(PROBLEM TO WORK ON): Copy exactly the lines of the data below, beginning with the line with "The Navy Crew" and ending with the line with "Ein Schwarz-Weiß-Foto eines". Pictures are to be omitted.
· · · · · · ·
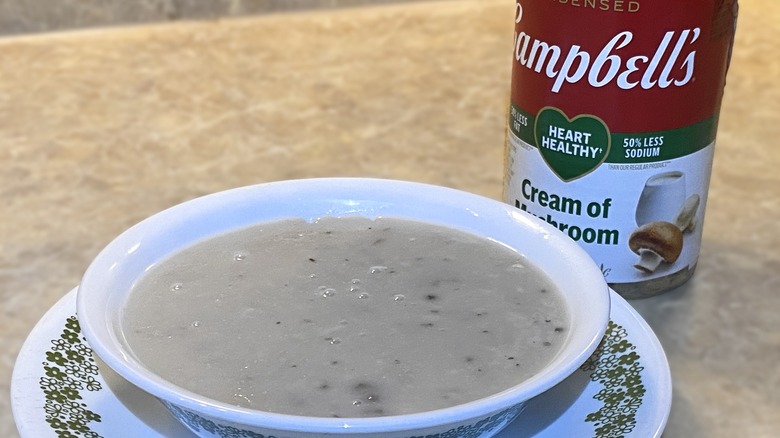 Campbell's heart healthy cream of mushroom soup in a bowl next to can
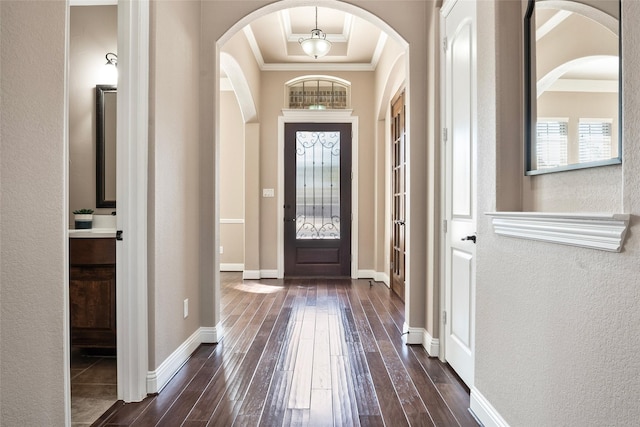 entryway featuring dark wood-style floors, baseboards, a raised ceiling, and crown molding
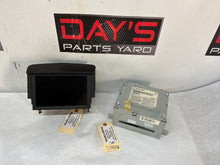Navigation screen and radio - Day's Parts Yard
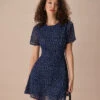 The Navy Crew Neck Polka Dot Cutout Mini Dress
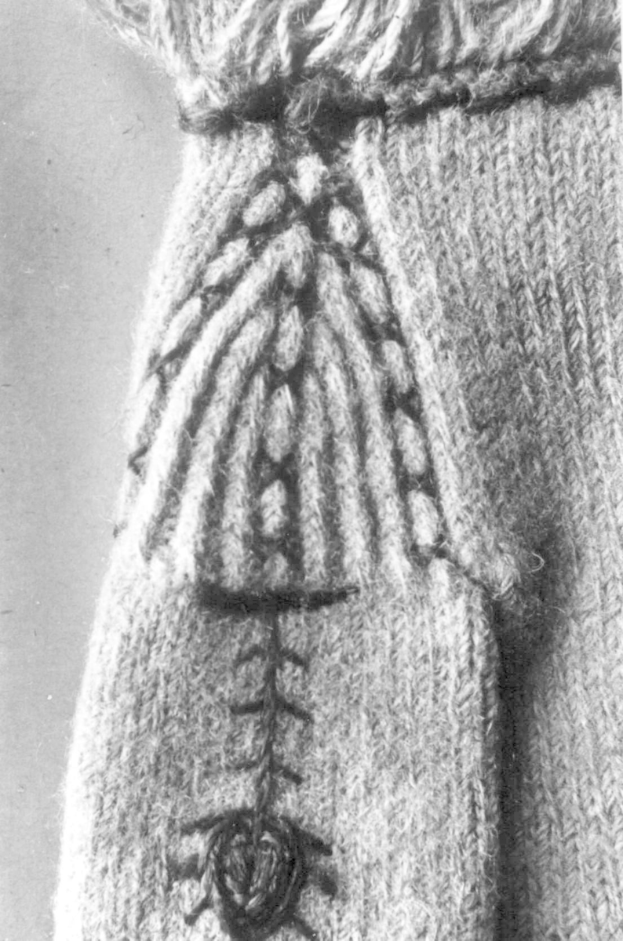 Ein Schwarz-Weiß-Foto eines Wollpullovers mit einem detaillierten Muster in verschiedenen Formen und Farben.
· · · · · · ·
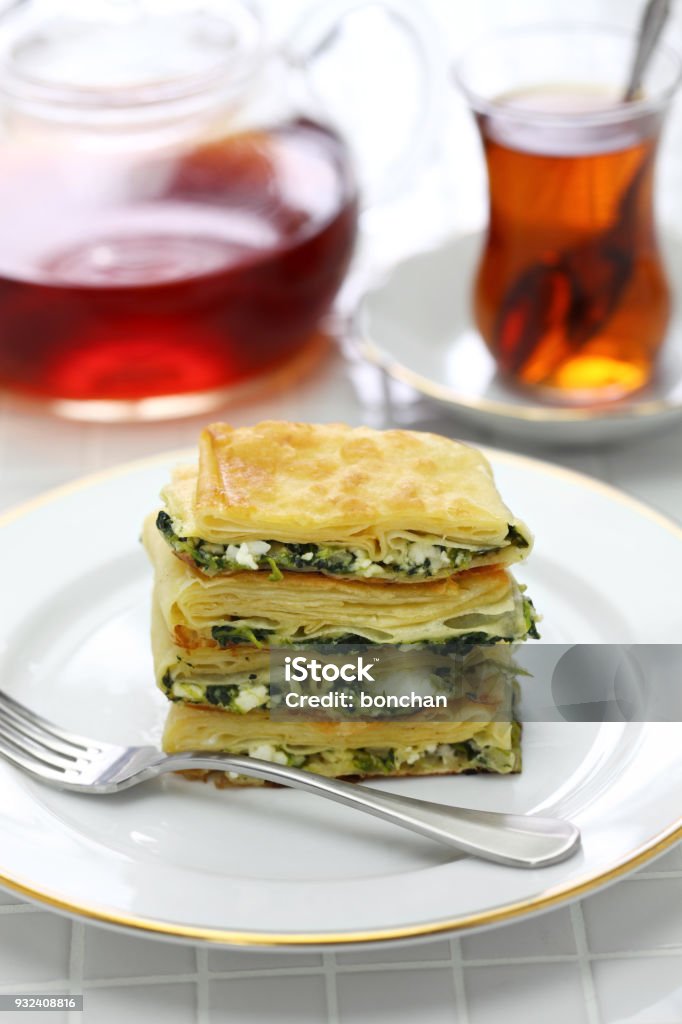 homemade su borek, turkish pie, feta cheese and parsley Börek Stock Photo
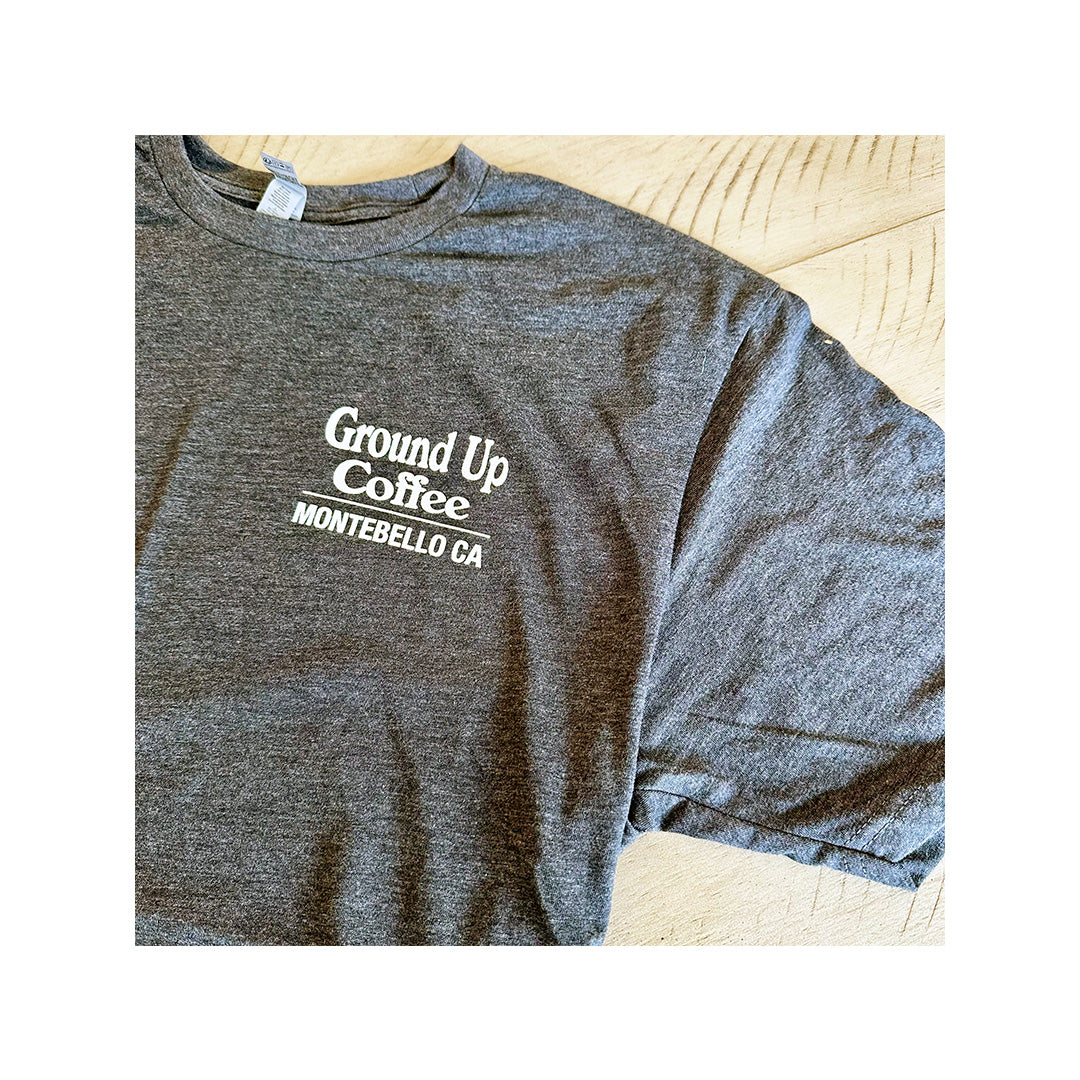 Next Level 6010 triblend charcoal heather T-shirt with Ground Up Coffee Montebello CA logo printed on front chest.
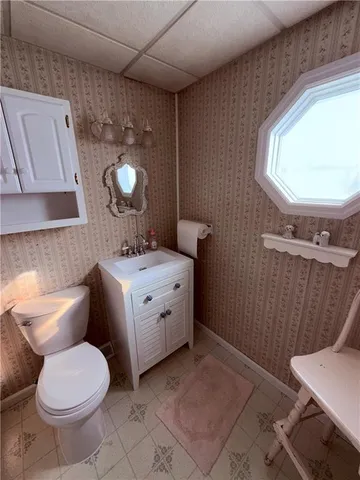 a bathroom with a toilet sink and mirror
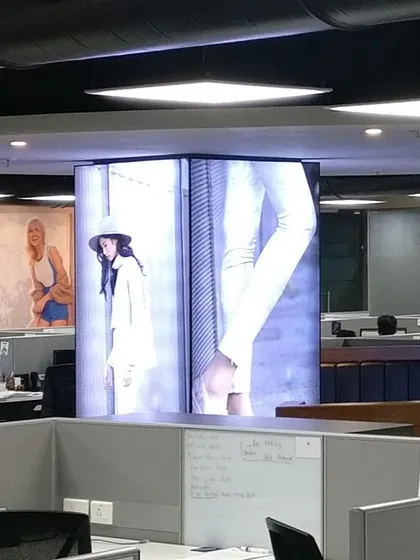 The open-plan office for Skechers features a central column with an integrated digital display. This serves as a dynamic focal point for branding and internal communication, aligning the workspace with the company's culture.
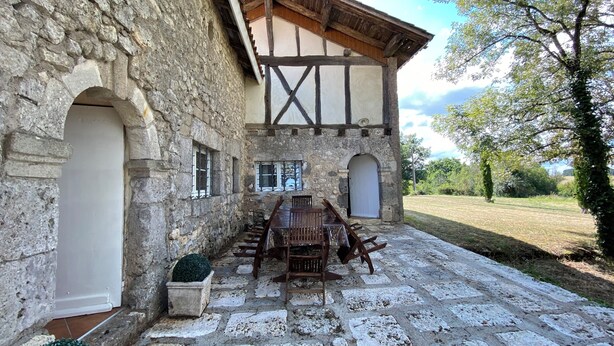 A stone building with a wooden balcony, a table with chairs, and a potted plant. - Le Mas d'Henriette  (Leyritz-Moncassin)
· · · · · · ·
(ANSWER BELOW):
 The Navy Crew Neck Polka Dot Cutout Mini Dress
 Ein Schwarz-Weiß-Foto eines Wollpullovers mit einem detaillierten Muster in verschiedenen Formen und Farben.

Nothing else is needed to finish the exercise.